Thin arch dam constructed, reservoir filled began to observe creep rate gradually increase over a 3 year period from 1 to 30 cm/week to about 25 cm/day.  On the day before the slide the creep rate increased to 100 cm/day.  Massive slide filled reservoir, displacing water both upstream and downstream. The dam held but the wall of water went over the top and flooded the town of Vaiont (2,600 dead).  Air blast from the slide mass blew windows out and lifted roofs from homes on far side of reservoir.

Yungay, Peru – 1962 – debris flow with no apparent trigger kills 4,000 in town of Ranrahirica.

In 1970 in same area an earthquake triggers a slide that moves down the slope at about 300 km/hr.  The upper part of the slide is a vertical fall.  The mass then runs up and over a large glacial hill launching megaton boulders – smashing homes.  Town of Yungay was buried 30 meters deep.
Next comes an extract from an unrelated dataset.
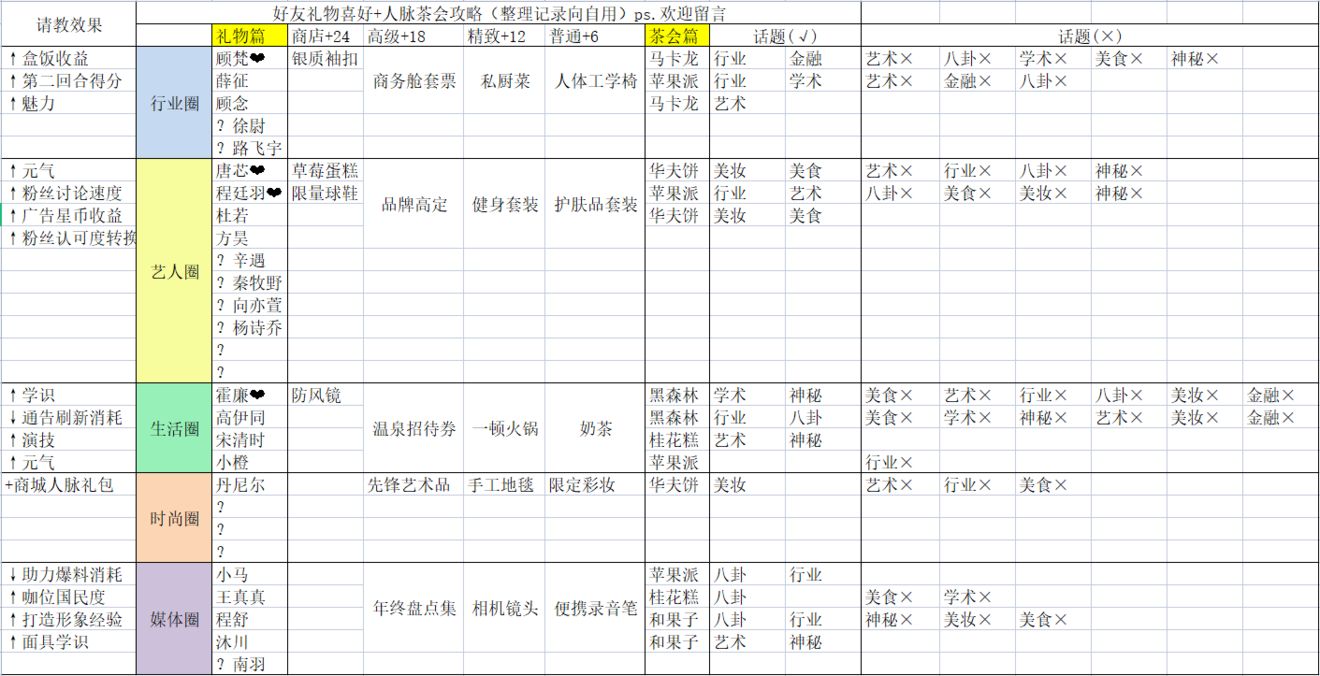 《绝对演绎》茶会甜品话题玩法攻略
Gansu Province, China – 1920

Loess Flow (dry flow of silt) – earthquake triggered this event. Historic accounts indicate the mass flowed like water with eddies and whirlpools.  Anecdotal story of survivors whose farm rafted from one hill across the valley and up the adjacent hill coming to rest with only minimal disturbance to their house and orchard.  The story goes that they began farming at their new location.

Methods to stabilize Slopes

Retaining walls – only function with proper drainage.

Pinning

Reduce gradient – add benches

Subsidence and Catastrophic collapse

Subsidence – sinking or depression of the surface

Collapse – material collapses into near surface void.
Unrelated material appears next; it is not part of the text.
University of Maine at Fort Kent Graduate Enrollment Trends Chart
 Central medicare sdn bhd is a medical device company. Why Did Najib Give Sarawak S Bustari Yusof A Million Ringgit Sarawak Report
Subsidence is related to compression of fine grained material through dewatering often resulting form extraction of fluids through aquifer depletion and oil and gas production.

Examples:

Mexico City – 8.5 meters
Tucson, Arizona – subsidence resulted in large Earth fissures.
San Joaquin Valley, California – meters
Las Vegas, Nevada – 1.5 meters
Houston area – 1 to 3 meters (results from both aquifer depletion and oil production).

Other causes of subsidence include drainage of swamps and subsequent decay of organic matt as occurred in the Florida, Everglades.

Collapse:

Example shown was Winter Park sink in Florida 1981 – Limestone sink resulting from loss of roof support due to depletion of the aquifer as a result of heavy use for municipal water needs.

Example 2: Salt Solution mining near Hutchinson, Kansas resulted in 1975 collapse creating a surface crater about 700 feet diameter and 80-100 feet deep.